Hi all,
Thanks for the detailed responses!

I’ve taken a closer look, and as far as I can tell, this is an existing problem 
with the checkpointing mechanism. This is also tracked in this JIRA [1], but 
not fixed. The PR attached to the JIRA temporarily blocks the events being sent 
from Coordinator -> Subtask during checkpointing, but not the other way round, 
Subtask -> Coordinator. Thanks QingSheng for pointing this JIRA out!

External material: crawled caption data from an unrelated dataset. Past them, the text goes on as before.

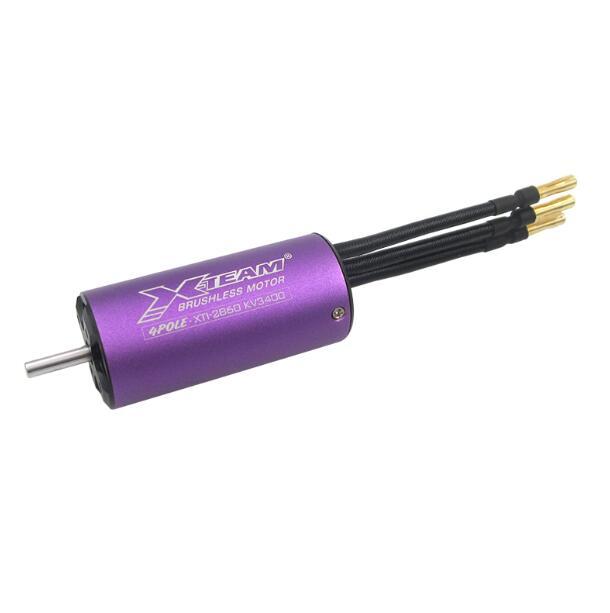 RC Boat KV3400 2860 Brushless Motor Air Pendingin Jaket Spare Part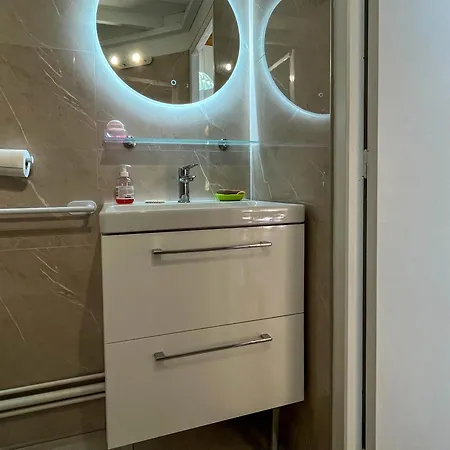 Maison Mitoyenne A La Palmyre, 5 Personnes - Fr-1-705-29 בית נופש *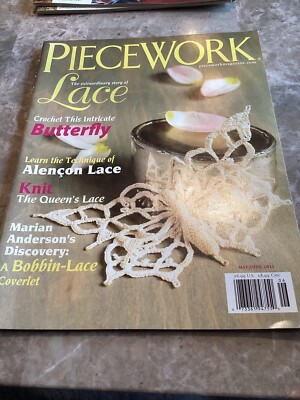 PIECEWORK Magazine May/June 2011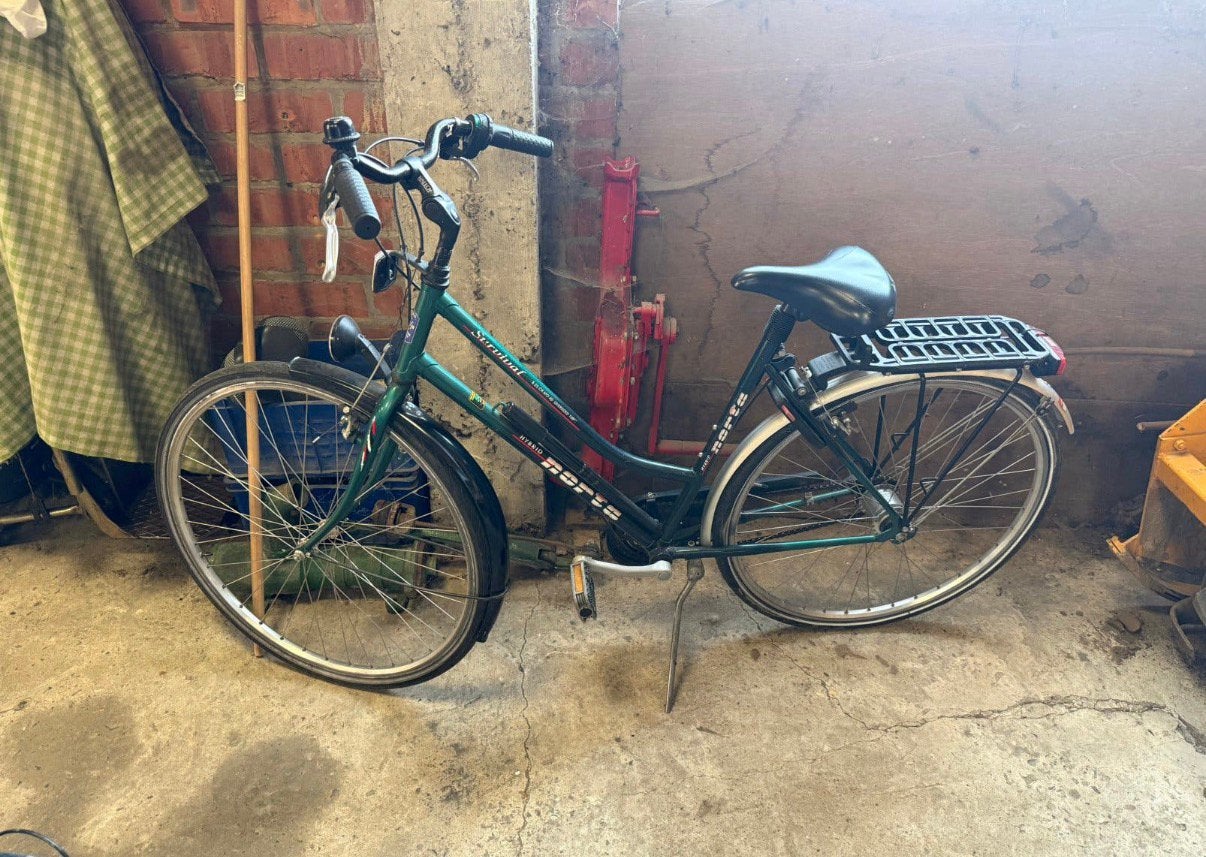 Damesfiets norta, Enlèvement, Utilisé, Vitesses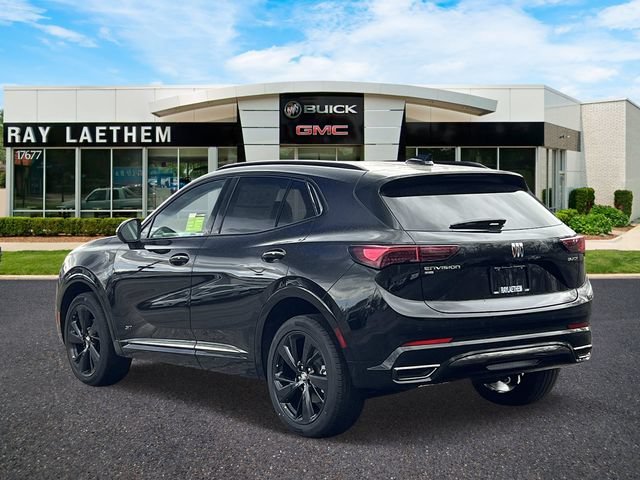 2026 Buick Envision Sport Touring - Photo 3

TLDR, currently, there is no guarantee that OperatorEvents sent from Subtask to 
Coordinator will be processed before it’s rightful checkpoint. This will not be 
a problem if the OperatorEvents do not cause state mutation (reader 
registration, request split). It will cause problems if there is expected state 
mutation.

I’ll quickly reiterate the problem, then address the comments on the thread.

PROBLEM SUMMARY
Consider situation below:

Checkpoints and epochs:
1. EPOCH 1
2. Checkpoint 1
3. EPOCH 2

We have SourceCoordinator on JM and SourceSubtask on TM. Below illustrates the 
existing behaviour and the problem.
1. SourceCoordinator sends event A to SourceSubtask. This event belongs to 
EPOCH 1.
2. SourceSubtask processes records and sends event B to SourceCoordinator. This 
event belongs to EPOCH 1.
3. SourceCoordinator takes checkpoint 1.
  - We know that since RPC guarantees FIFO, event A will reach SourceSubtask 
before checkpoint barriers for checkpoint 1. This is good, since the event 
belongs to EPOCH 1.
  - During the checkpoint, further events sent after checkpoint is triggered 
are blocked from being sent to SourceSubtask, since they belong to EPOCH 2. 
This is correct.
4. SourceCoordinator receives event B. This is received and processes AFTER 
checkpoint 1. This is wrong, since this event belongs to EPOCH 1.

Re Piotrek:
> it was solving the problem via canceling the checkpoint in the scenario that 
> you described

I don’t see this in master, but this would be an interesting approach. We could 
make this work by allowing SourceCoordinator to cancel a checkpoint if an event 
with timestamp earlier than checkpoint timestamp is received. Alternatively, we 
could implement a pre-checkpoint checkpoint between Coordinator and Subtask, 
with both way communication channels blocked on the 2nd acknowledgement from 
Subtask to Coordinator. That way we are guaranteed to not have this 
inconsistency, with the benefit of not failing checkpoints!

Re Mason:
> I guess the inconsistency could also be handled by the reader.start() method 
> such that the operator event is re-sent during restore.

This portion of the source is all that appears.